Orde Baru (Orba) yang berlangsung dari 1966 hingga 1998, di bawah kepemimpinan Soeharto, menjanjikan stabilitas dan pembangunan ekonomi.
Pada awalnya, Orba memberikan stabilitas politik dan pertumbuhan ekonomi yang luar biasa. Namun, kejatuhan Orde Baru disebabkan oleh maraknya KKN, kekuasaan absolut, serta pembungkaman kebebasan berpendapat.
Baca juga: Menggagas Kudatuli Sebagai Hari Besar Reformasi
Reformasi 1998 adalah puncak dari kebencian terhadap pemerintahan otoriter yang menjajah suara rakyat.
Orla menonjolkan idealisme kebangsaan, namun gagal mempertahankan stabilitas ekonomi dan politik.
Orba memberi stabilitas dan pembangunan, tapi mengorbankan kebebasan dan akuntabilitas pemerintahan.
Reformasi adalah jawaban perbaikan kedua orde sebelumnya dengan membawa kebebasan dan demokrasi, tetapi di ujungnya, sistem politik kembali dirusak oleh praktik-praktik KKN dan otoritarianisme yang terselubung.
Reformasi Rasa Orba
Seperti halnya di masa Orba, saat ini kekuasaan disusun dengan pola berbagi kekuasaan antar elite politik.
Prinsip "Asal Bapak Senang" mulai mengaburkan pandangan rakyat yang tidak paham dengan dinamika politik.

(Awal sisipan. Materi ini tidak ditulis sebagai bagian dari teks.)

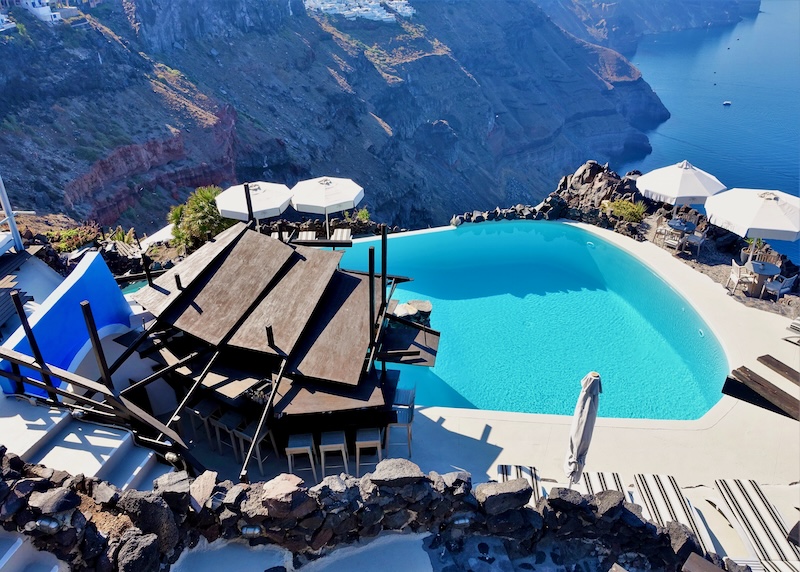 An infinity pool and bar overlooking the caldera at Honeymoon Petra hotel in Santorini.
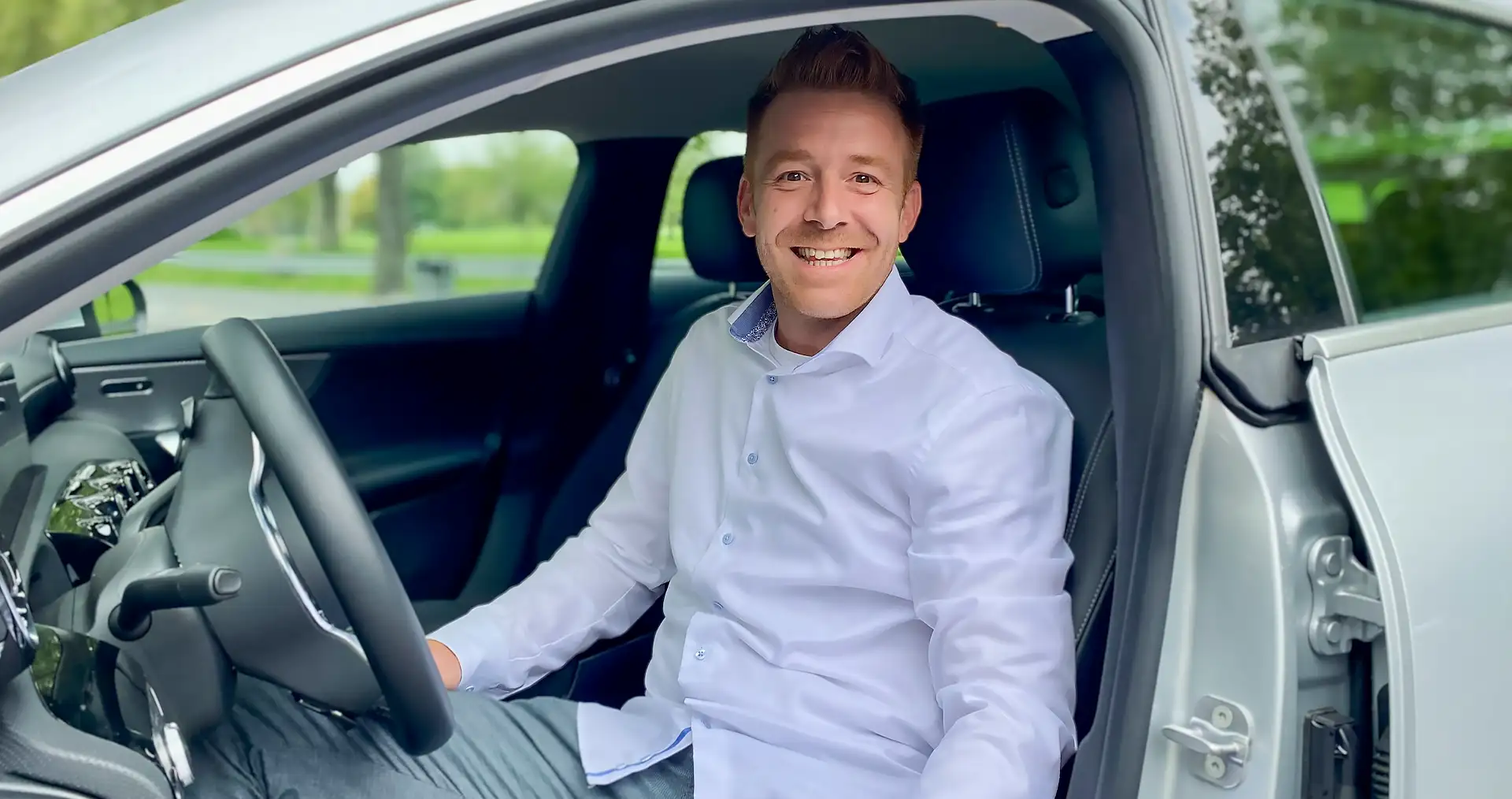 Benjamin Keller, Verkaufsberater bei Geberit, lächelt im Auto auf dem Weg zu Kunden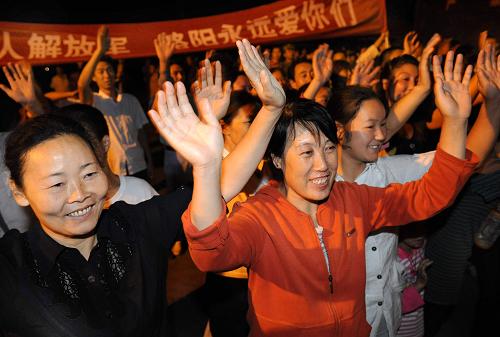8月12日,前来送行的人向解放军挥手告别。当日,从地震灾区陕西省略阳县撤离的解放军驻陕某工兵团官兵,从横现河火车站启程,略阳县上千名群众自发到车站送别亲人子弟兵。 新华社记者 陶明 摄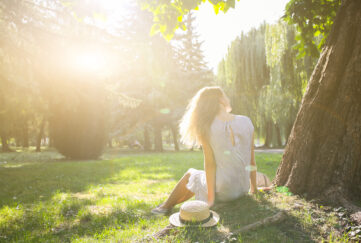 Woman sitting under tree with sun glaring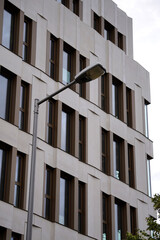Modern street lamp mounted on a tall metal pole beside a contemporary office building with large...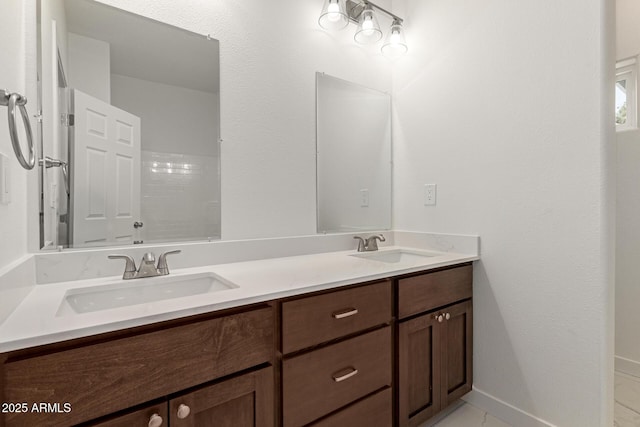 bathroom with double vanity and a sink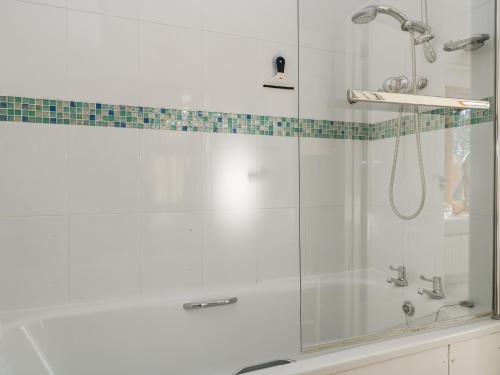 a bathroom with a shower with a glass door at Keepers Cottage in Warminster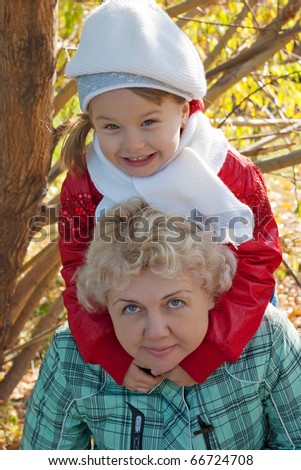 mother and daughter in autumn park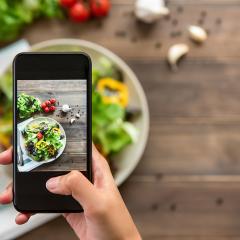 image of someone taking a photo of a salad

Mereka yang kritis dan vokal terhadap pemerintah, diredam suaranya, dipinggirkan, dan karakternya dibunuh perlahan. Padahal mereka adalah segelintir dari tokoh yang benar-benar peduli pada nasib bangsa tanpa agenda tersembunyi.
Sayangnya, ingatan tentang masa kelam Orba mulai pudar di benak generasi muda, khususnya Gen Z. Mereka lahir saat reformasi mulai menancapkan tonggak-tonggaknya, seperti pemilihan langsung dan pembatasan kekuasaan militer.
Mereka mungkin tidak melihat betapa miripnya situasi saat ini dengan masa akhir Orba, di mana kekuasaan terkonsentrasi pada segelintir elite, dan rakyat hanya dijadikan alat politik untuk melanggengkan kekuasaan.
Akhir Reformasi?
Jika memang tujuan segelintir elite adalah menciptakan dinasti politik, maka kita sedang bersiap-siap memasuki era baru yang lebih panjang dan lebih menekan dibandingkan Orde Lama, Orde Baru, dan Reformasi.